Work order:
Write out the entries exactly, pictures excluded.
(Exercise data Opens)
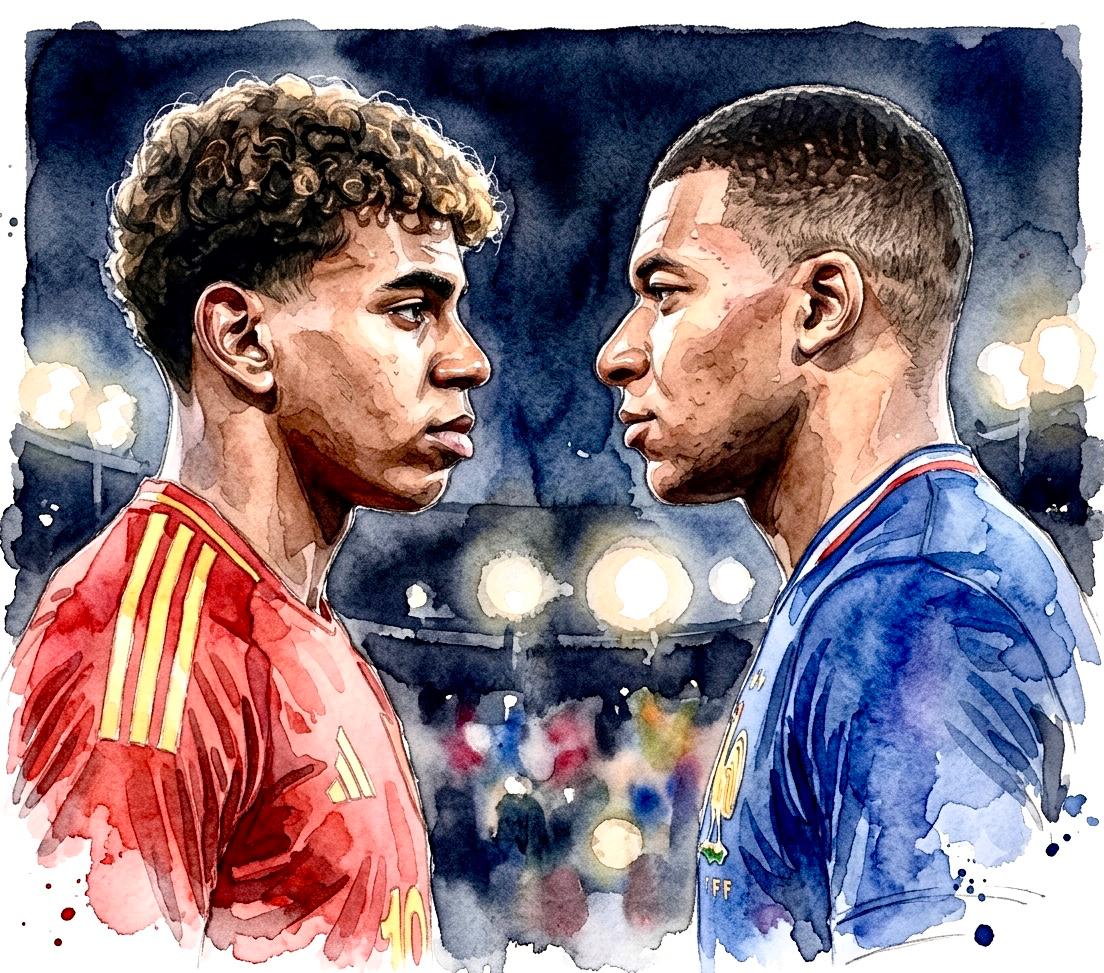 prancis-yang-eksplosif-atau-spanyol-yang-sabar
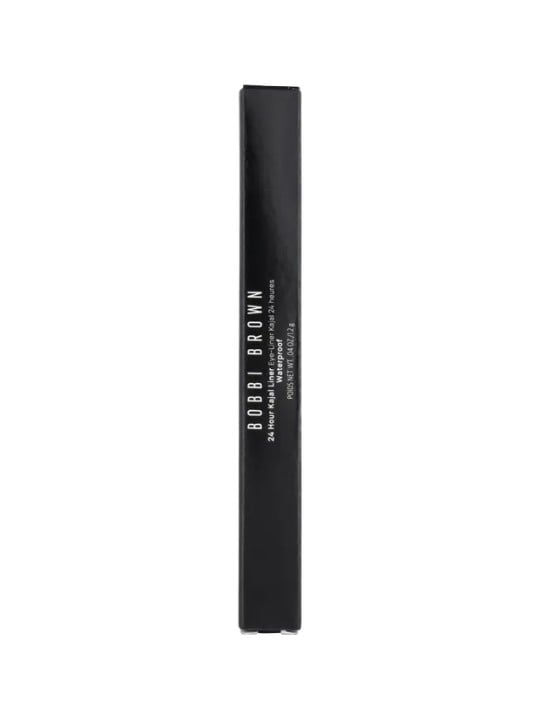 Eyeliner Kajal Bobbi Brown 24 ore
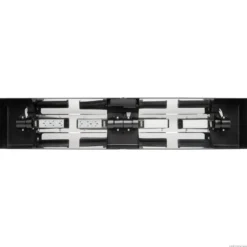 Exo Terra Compact Top 90 Terrarienabdeckung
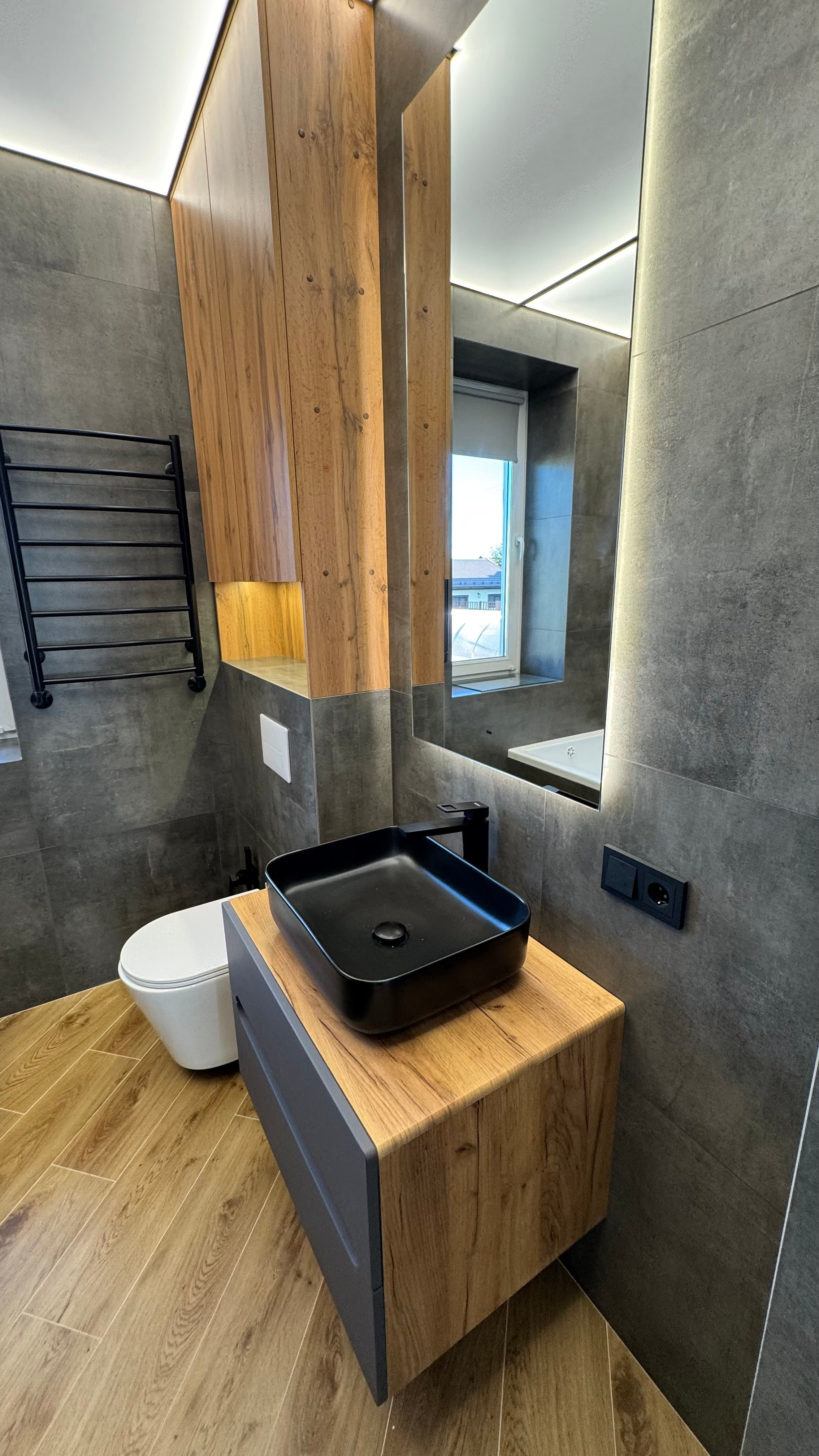 Готовые проекты. Дизайн студия Алёны Аксютиной. A2 Design Studio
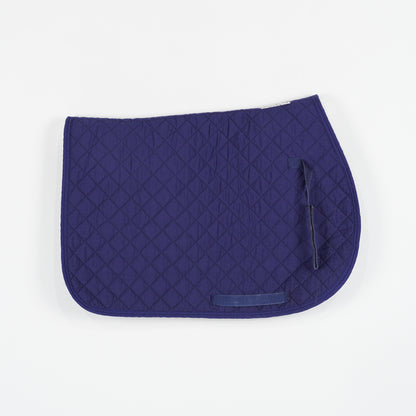 Allroundschabrak Thin | Full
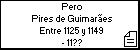 Pero Pires de Guimarães
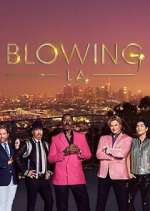 Watch Blowing LA Movie2k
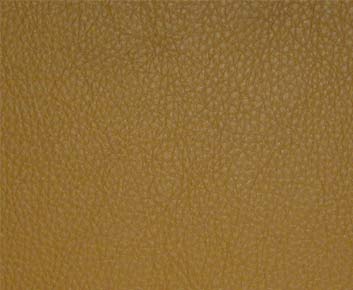 Symphony Collection Faux Leather British Tan - SCL008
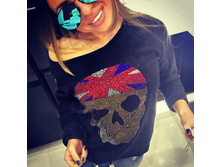 1400 ��� 42-46 ������� PHILIPP PLEIN ���������.jpg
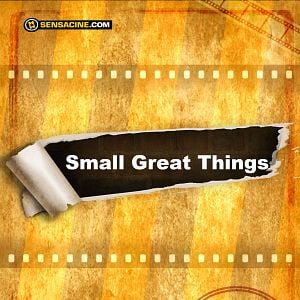 Bilder Small Great Things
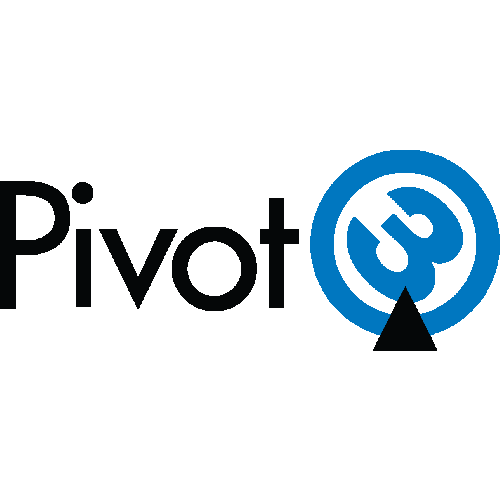 Pivot3 Parts Accessory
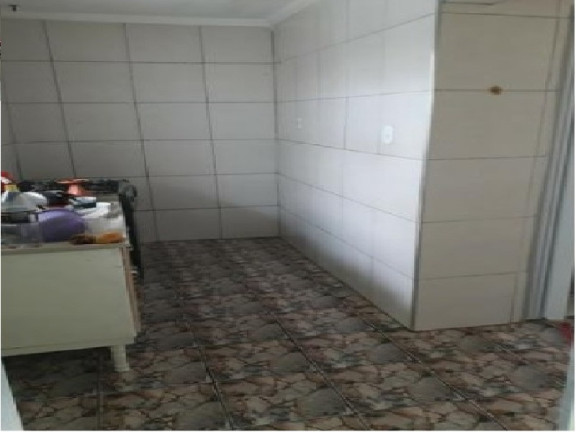 Imagem Casa com 3 Quartos à Venda, 250 m² em Jardim Marilu - São Paulo Imagem Casa com 3 Quartos à Venda, 250 m² em Jardim Marilu - São Paulo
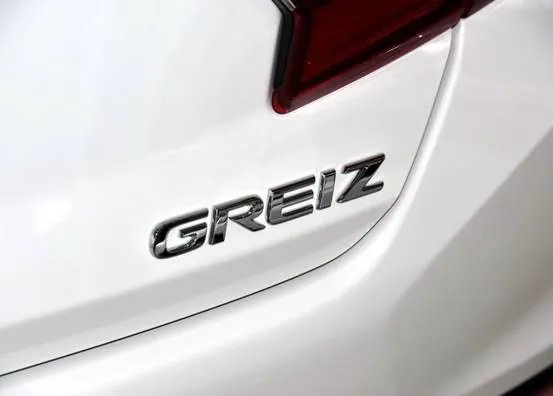 本田哥瑞怎么样？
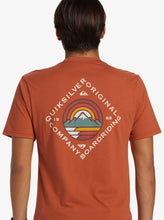 Load image into Gallery viewer, Scenic View T-Shirt
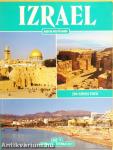 Izrael
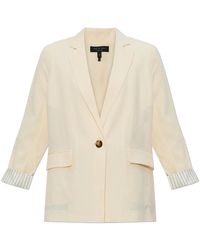Rag & Bone - Blazers - Lyst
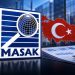 MASAK’tan yatırım fonlarına ilişkin savcılığa kritik bilgilendirme!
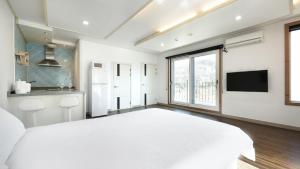 Ganghwa Hanabi Pension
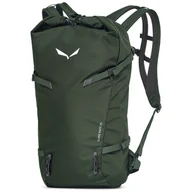 Plecaki - Plecak Salewa Climb Mate 25 Kolor: zielony/szary - miniaturka - grafika 1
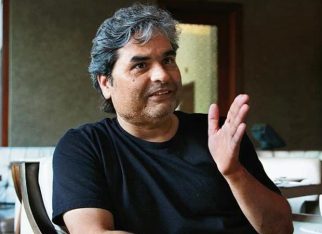 After O’ Romeo’s lukewarm response, Vishal Bhardwaj says ‘Good films are getting beaten’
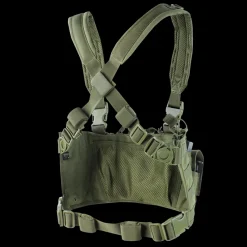 Condor Outdoor Recon Chest Rig -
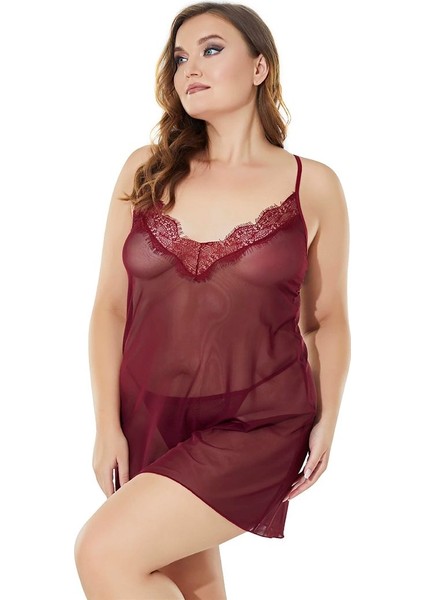 7006 Bordo Geceliktakımı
(Exercise data Closes)
Solution below:
 prancis-yang-eksplosif-atau-spanyol-yang-sabar
 Eyeliner Kajal Bobbi Brown 24 ore
 Exo Terra Compact Top 90 Terrarienabdeckung
 Готовые проекты. Дизайн студия Алёны Аксютиной. A2 Design Studio
 Allroundschabrak Thin | Full
 Pero Pires de Guimarães
 Watch Blowing LA Movie2k
 Symphony Collection Faux Leather British Tan - SCL008
 1400 ��� 42-46 ������� PHILIPP PLEIN ���������.jpg
 Bilder Small Great Things
 Pivot3 Parts Accessory
 Imagem Casa com 3 Quartos à Venda, 250 m² em Jardim Marilu - São Paulo Imagem Casa com 3 Quartos à Venda, 250 m² em Jardim Marilu - São Paulo
 本田哥瑞怎么样？
 Load image into Gallery viewer, Scenic View T-Shirt
 Izrael
Rag & Bone - Blazers - Lyst
 MASAK’tan yatırım fonlarına ilişkin savcılığa kritik bilgilendirme!
 Ganghwa Hanabi Pension
 Plecaki - Plecak Salewa Climb Mate 25 Kolor: zielony/szary - miniaturka - grafika 1
 After O’ Romeo’s lukewarm response, Vishal Bhardwaj says ‘Good films are getting beaten’
 Condor Outdoor Recon Chest Rig -
 7006 Bordo Geceliktakımı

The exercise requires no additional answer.